Does Your Next Monitor Need a KVM Switch?

Man sitting at desk with his hands on a keyboard and on a mouse. The screen in front of him is an ultra-wide screen which shows a 50-5- split view with a desktop on the left side, whilst the right side shows a game being played on the same monitor.

I never thought about this before, really for a monitor. I’ve heard about them being used as standalone switches, and still think that may be more flexible.

However, if you have one ultra-wide monitor, maybe it would make sense to split that display into two sides, and have a computer working on each side (a bit like having two physical monitors).

The main point of a KVM switch is to improve your productivity by allowing you to use multiple computers with one monitor, mouse, and keyboard.

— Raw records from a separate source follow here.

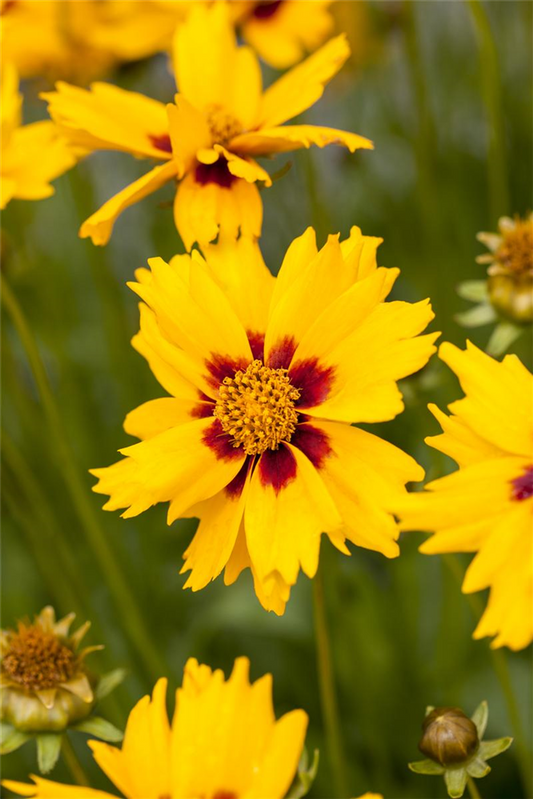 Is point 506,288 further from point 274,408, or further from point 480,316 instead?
point 274,408

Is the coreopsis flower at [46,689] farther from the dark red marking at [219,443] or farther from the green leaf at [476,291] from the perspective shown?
the green leaf at [476,291]

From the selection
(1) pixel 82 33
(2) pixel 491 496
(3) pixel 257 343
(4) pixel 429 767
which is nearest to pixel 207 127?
(3) pixel 257 343

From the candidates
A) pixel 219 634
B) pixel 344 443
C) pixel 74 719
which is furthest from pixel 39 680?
pixel 219 634

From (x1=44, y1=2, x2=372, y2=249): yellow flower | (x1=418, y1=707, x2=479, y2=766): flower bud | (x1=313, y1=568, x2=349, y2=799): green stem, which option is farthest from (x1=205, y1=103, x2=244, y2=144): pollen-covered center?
(x1=418, y1=707, x2=479, y2=766): flower bud

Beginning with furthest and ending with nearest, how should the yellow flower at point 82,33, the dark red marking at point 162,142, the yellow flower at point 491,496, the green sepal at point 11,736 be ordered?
the yellow flower at point 82,33 → the dark red marking at point 162,142 → the green sepal at point 11,736 → the yellow flower at point 491,496

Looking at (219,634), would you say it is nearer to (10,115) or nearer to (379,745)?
(379,745)

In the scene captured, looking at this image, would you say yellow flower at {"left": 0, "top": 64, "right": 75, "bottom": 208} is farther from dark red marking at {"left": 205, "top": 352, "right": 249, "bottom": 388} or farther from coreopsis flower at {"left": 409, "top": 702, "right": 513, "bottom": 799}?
coreopsis flower at {"left": 409, "top": 702, "right": 513, "bottom": 799}

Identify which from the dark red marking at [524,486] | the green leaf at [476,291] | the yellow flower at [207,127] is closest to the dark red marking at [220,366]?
the yellow flower at [207,127] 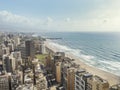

It’s there in the name: KVM stands for “keyboard, video, mouse,” and when a monitor is equipped with a KVM switch, you can easily swap between multiple devices utilizing it.

Where I certainly can use a KVM switch is for the times I just want to connect my Macbook Air, or maybe even my Samsung Dex on my phone, to one of my monitors. The reason is right now when I connect a different device to one of my monitors, the OS recognises the monitor as disconnected, and it rearranges my desktop. If a KVM switch can make that operation a bit slicker and smoother, it could be useful.

I’ll certainly not be rushing out though to go buy a monitor just to get a KVM switch. I’d really only think about this when buying another monitor, and I’d also need to consider whether I’ll just replace one of my three monitors, or buy an expensive ultra-wide monitor with a KVM switch. Really decisions only for a future time, I hope.

I’ve only previously looked at KVM switches for remote management of a computer, but I’m thinking it is time to get to know more about just how KVM switches can be used.